Regex in sed to convert ##XXX## to ${XXX}

I need to use sed to convert all occurences of ##XXX## to ${XXX}. X could be any alphabetic character or '_'. I know that I need to use something like:
's/##/\${/g'
But of course that won't work properly, as it will convert ##FOO## to ${FOO${
Here's a shot at a better replacement regex:
's/##\([a-zA-Z_]\+\)##/${\1}/g'
Or if you assume exactly three characters :
's/##\([a-zA-Z_]\{3\}\)##/${\1}/g'
Encapsulate the alpha and '_' within '\(' and '\)' and then in the right side reference that with '\1'.
'+' to match one or more alpha and '_' (in case you see ####).
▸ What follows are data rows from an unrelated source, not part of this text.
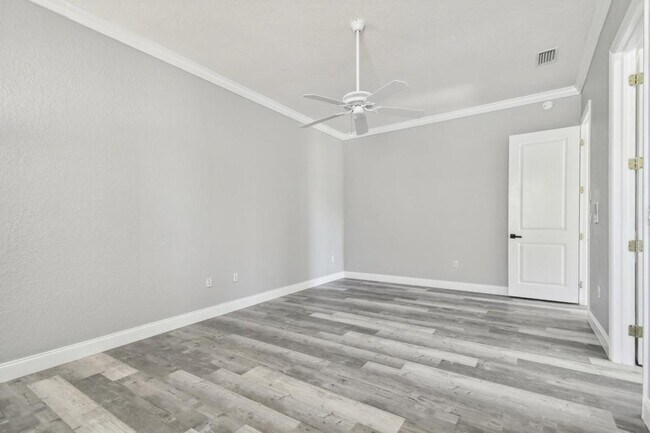 Building Photo - 6644 Country Club Rd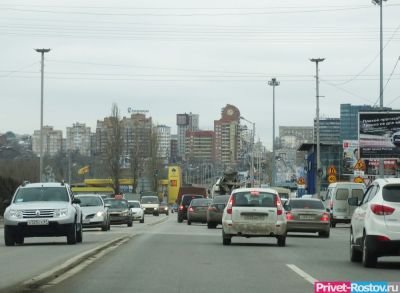 Власти хотят сделать платный въезд в города РФ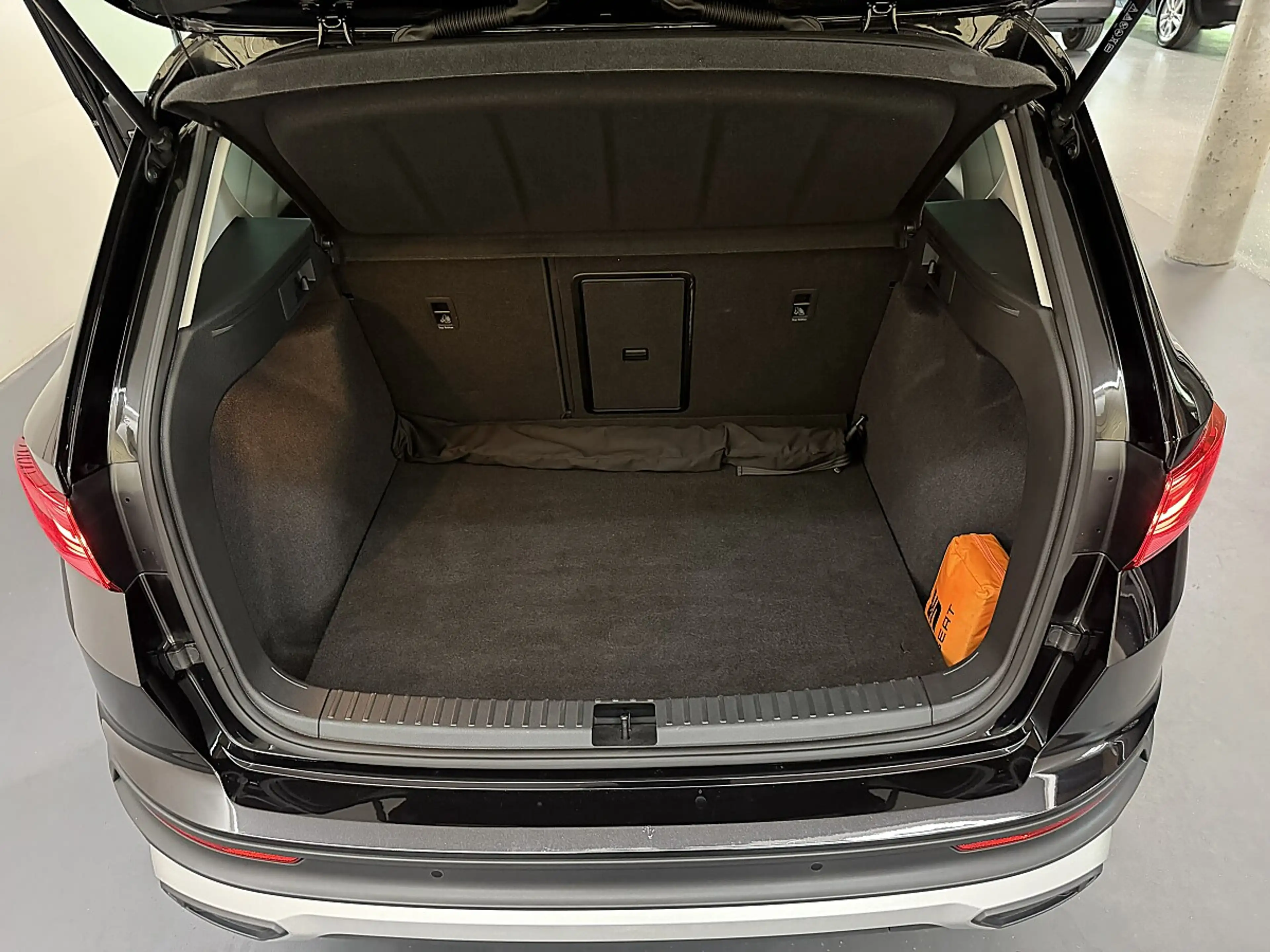 SEAT Ateca 2,0TDI DSG 4Drive Style *ALLRAD*LED*NAVI*Alcant... — photo 14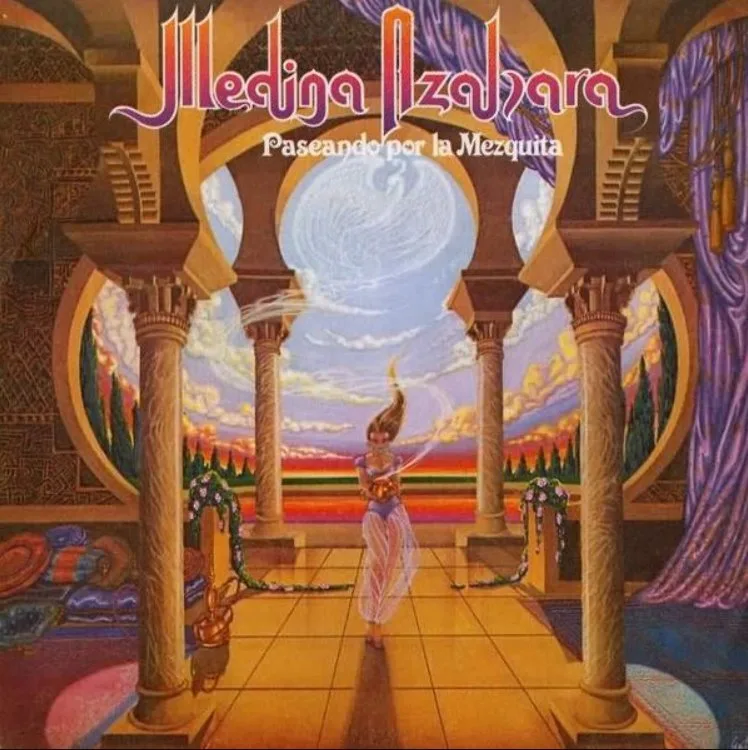 Paseando por la mezquita cover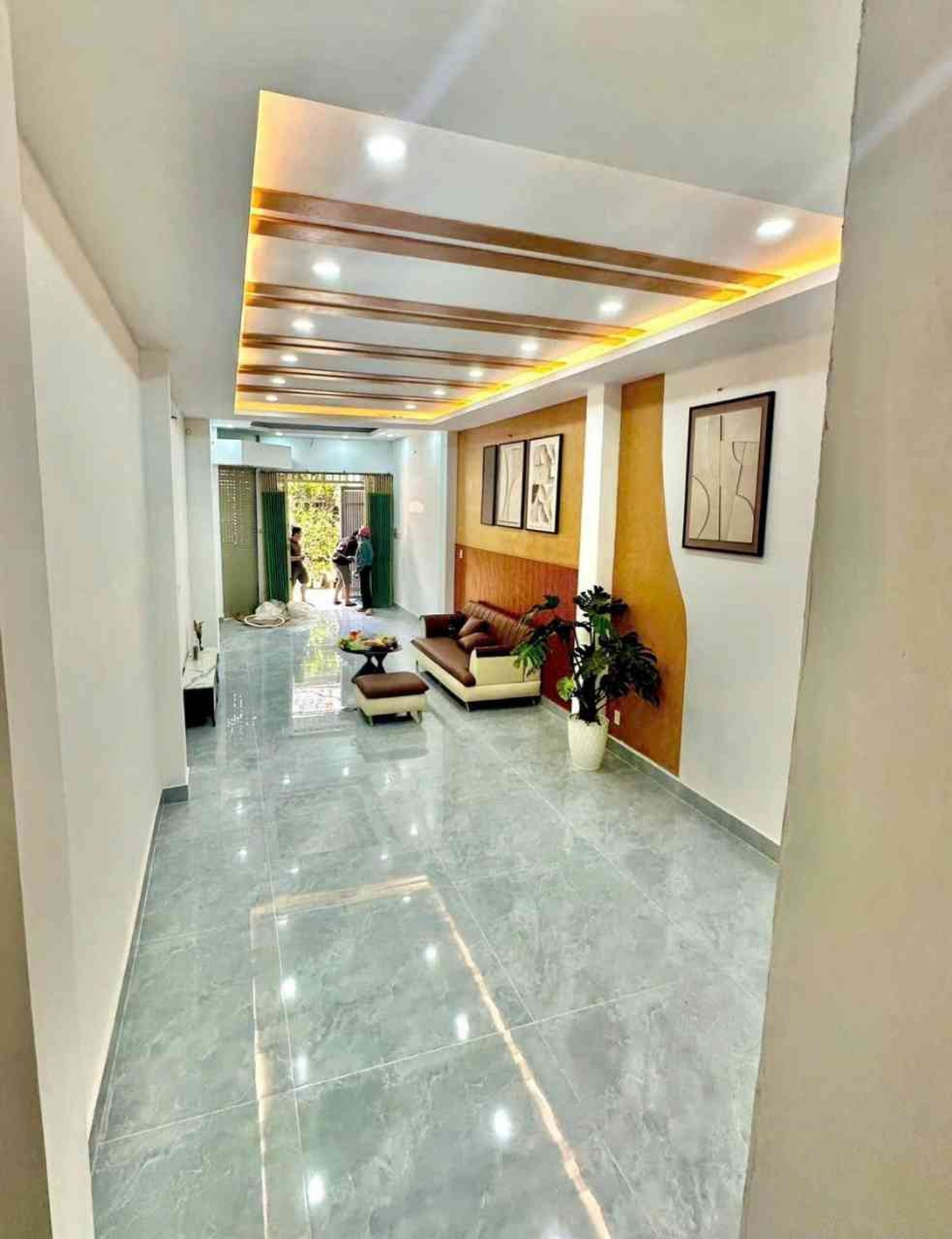 Hẻm xe tải tới cửa Phú Thọ Hoà. 1 Trệt 3 lầu 62m2. Giá Nhỉnh 7 Tỷ. Liên hệ xem nhà thực tế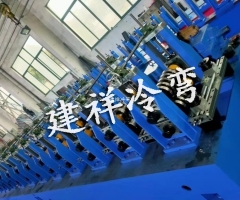 护栏板成型设备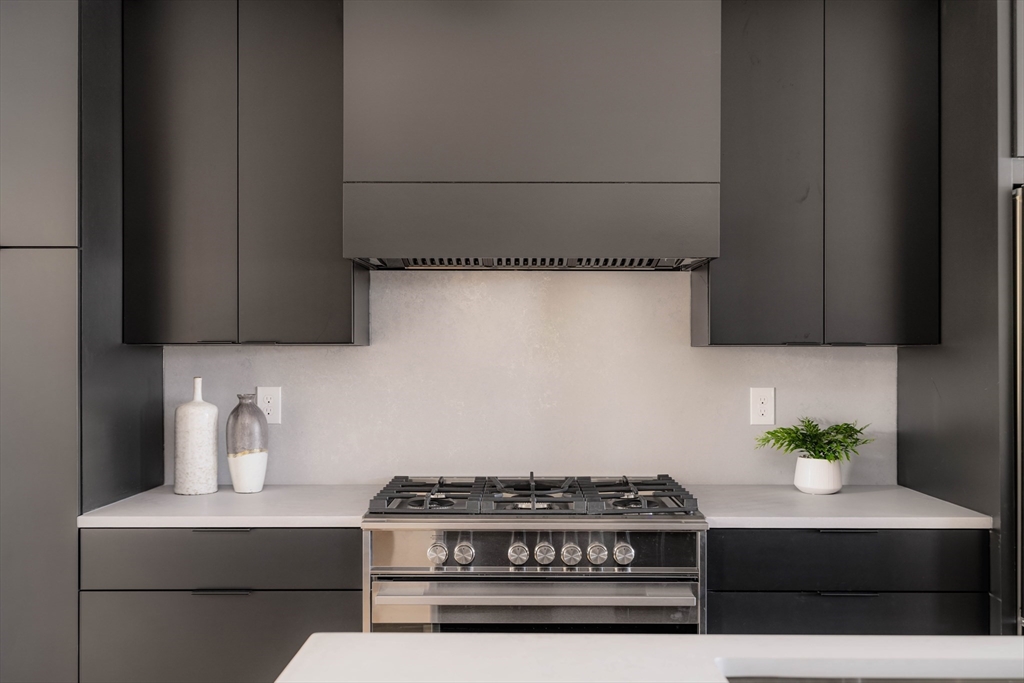 272 East Eagle St # 6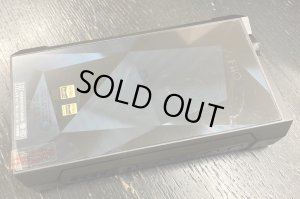 裏に貼ってあるフィルムに擦れが少しあります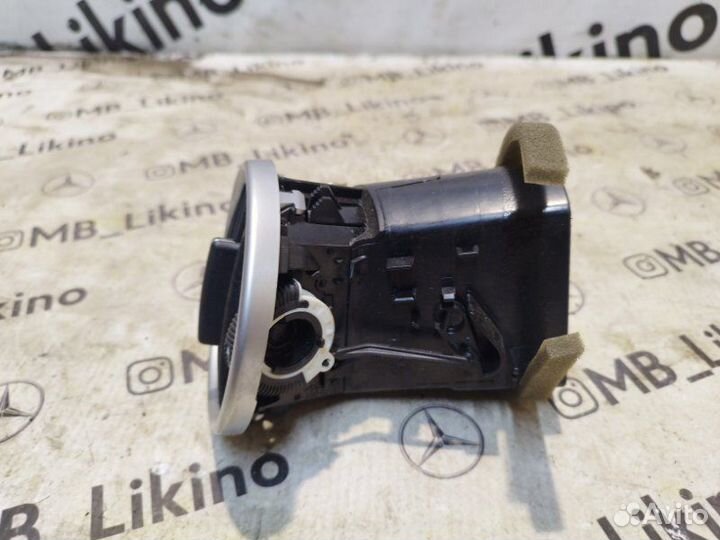 Дефлектор воздушный левый Mercedes Gl X164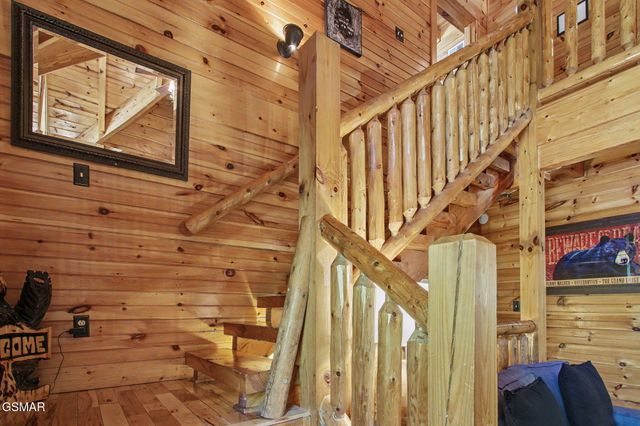 1943 Elk Springs Way, Gatlinburg, TN 37738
Add the 'g' option to the end to replace all matches (which I'm guessing is what you want to do in this case).
's/##\([a-zA-Z_]\+\)##/${\1}/g'
Use this:
s/##\([^#]*\)##/${\1}/
BTW, there is no need to escape $ in the right side of the "s" operator.
sed 's/##\([a-zA-Z_][a-zA-Z_][a-zA-Z_]\)##/${\1}/'
The \(...\) remembers...and is referenced as \1 in the expansion. Use single quotes to save your sanity.
As noted in the comments below this, this can also be contracted to:
sed 's/##\([a-zA-Z_]\{3\}\)##/${\1}/'
This answer assumes that the example wanted exactly three characters matched. There are multiple variations depending on what is in between the hash marks. The key part is remembering part of the matched string.
echo "##foo##" | sed 's/##/${/;s//}/'
s change only 1 occurence by default
s//take last search pattern used so second s take also ## and only the second occurence still exist
echo '##XXX##' | sed "s/^##\([^#]*\)/##$\{\1\}/g"
sed 's/\([^a-z]*[^A-Z]*[^0-9]*\)/(&)/pg